The flow of the financial statements..
Income Statement: Operating income vs non-operating income – If we’re looking to value OPERATIONS ONLY, we’re stopping at the EBIT! After the EBIT come the financial performance.
Operating Income: the income generated by the firm’s core business operations.
Non-operating Income: income generated by investments the firm has made in assets that are unrelated to the firm’s primary business. For example:
- Gains from the sale of investments
- The sale of a subsidiary or division
- Costs incurred from restructuring
- Currency exchange
- The write-off of obsolescent inventory
The Balance Sheet: provides a snapshot of the firm’s financial position at a moment in time and a detailed account of the company’s assets’ liabilities (debts), and shareholders’ equity. The balance sheet equation requires that the sum of the book values of the firm’s assets equal the sum of the debts the firm owes to its creditors plus the investment of the stockholders’ equity.
Consolidation Rules:
- An equity investment involving more than 20% but less than 50% of the equity of another firm is recorded as an investment. This will typically show up on the balance sheet as ‘investments in unconsolidated subsidiaries’.

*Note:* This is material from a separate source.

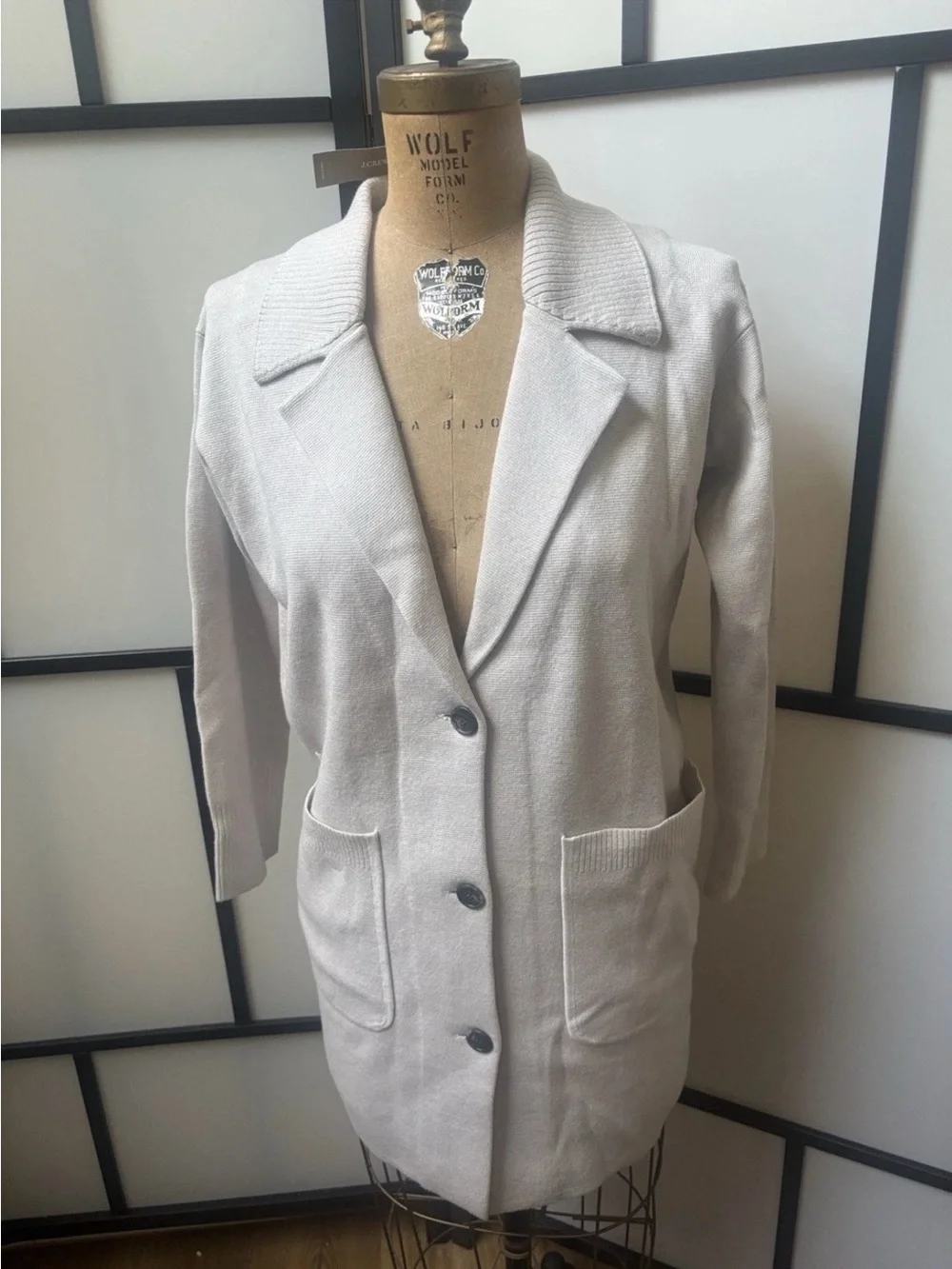 J.Crew Cotton-Wool Blend Knit Sweater Coat Cardigan Size XS Dove Gray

- If the firm owns more than 50% of a subsidiary, then the rules of accounting call for consolidation of the subsidiary into the firm’s balance sheet and income statement. A minority interest account appears between liabilities and shareholders’ equity, representing the value of the minority-owned shares, because 100% of the value of the subsidiary’s assets were incorporated into the consolidated balance sheet.
- The presence of a long-term investment category on a firm’s balance sheet signifies the presence of a potentially significant non-operating asset that will need to be valued. This means that the analyst will need to dig deeper into the footnotes of the financial statement to determine the exact nature of the investments in order to determine an appropriate approach to valuing them. This line item (sometime referred to as long-term investments because they are assets the company intends to hold for longer than one year) can consist of stocks and bonds of other companies, real estate, as well as cash set aside for a specific purpose.
Ratio Analysis
Categories of ratios:
- Profitability Ratios
- Profit margin (net income/sales)
- Return on assets (ROA) = net income/total assets
- Return on equity (ROE) = net income/total equity
- Short-term solvency (liquidity ratios)
- Current ratio (CA/CL)
- Quick ratio (CA-inventory)/CL
- Long-term solvency
- Leverage ratios
- Total liabilities to total assets (TL/TA)

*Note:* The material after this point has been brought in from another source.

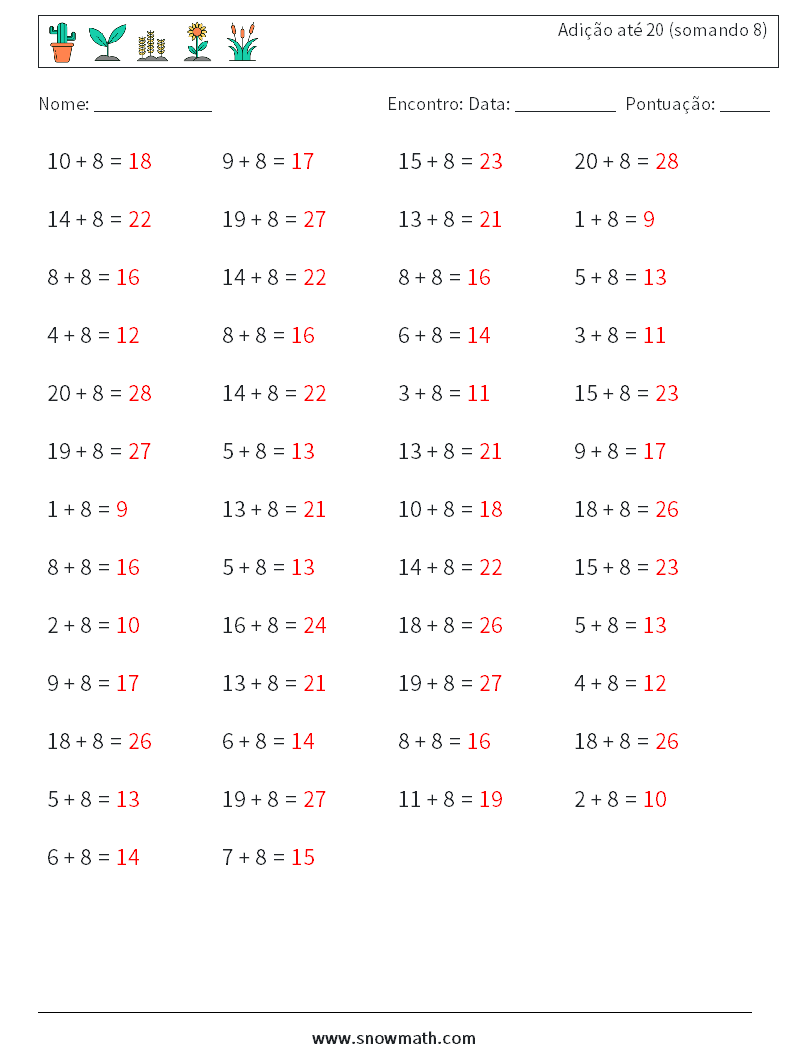 (50) Adição até 20 (somando 8) planilhas matemáticas 9 Pergunta, Resposta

- Total liabilities to total equity (TL/TE)
- Total assets to Owners’ equity (equity multiplier): TA/TE
- Total debt to equity (TD/TE)
- Coverage ratios
- Times interest earned/EBIT interest coverage (EBIT/interest)
- Cash coverage/EBITDA Interest coverage (EBIT + Depreciation)/Interest
- Leverage ratios
- Asset utilization ratios (AKA Activity)
- Total assets turnover (sales/total assets)
- Inventory turnover (COGS/inventory)
- The longer inventory sits on a company’s shelves, the lower the rate of return on those assets, and the greater their vulnerability to falling prices and obsolescence. You want to keep your inventory turning, however not at the expense of your overall profit margins or business strategy
- Days in inventory (365/inventory turnover)
- Receivables turnover (sales/avg. Accounts receivable)
- Avg. Collection period (365/receivables turnover)
- Valuation multiples
Benchmarking using ratios: so, what is a good benchmark?
It is often not clear what is a ‘good’ or ‘bad’ level for a financial ratio and no one benchmark exists for all companies in all valuation contexts. We know ratios vary over time and we know they vary by industry – we also know that companies tend to regress towards the mean – so a common benchmark is the company’s industry or comparable group. That said – deviations from the ‘norm’ might be good and indicate an industry leader and a potential competitive advantage.
Sales Growth Rate (CAGR = Compounded Annual Growth Rate)
ales growth is an important driver of the need to invest in various types of assets and of the company’s value. It also provides some indication of the effectiveness of firm’s strategy and product development activities.
Analyzing Growth:
Growth can be disaggregated into three main components:
- Portfolio Momentum: organic revenue growth a company enjoys because of overall expansion in the market segements of its portfolio
- Market share performance: organice revenue growth from a company gaining or losing share in a particular market
- Mergers and acquisitions: inorganic growth a company achieves when it buys or sells revenues through acquisitions or divestments
Growth and Value: growth translates to value when return on invested capital (ROIC) exceeds the cost of capital(!!!). Sustaining high growth is much more difficult than sustaining ROIC. Despite some variation on the patterns of growth, high growth is not sustainable, due to the natural cycles of products.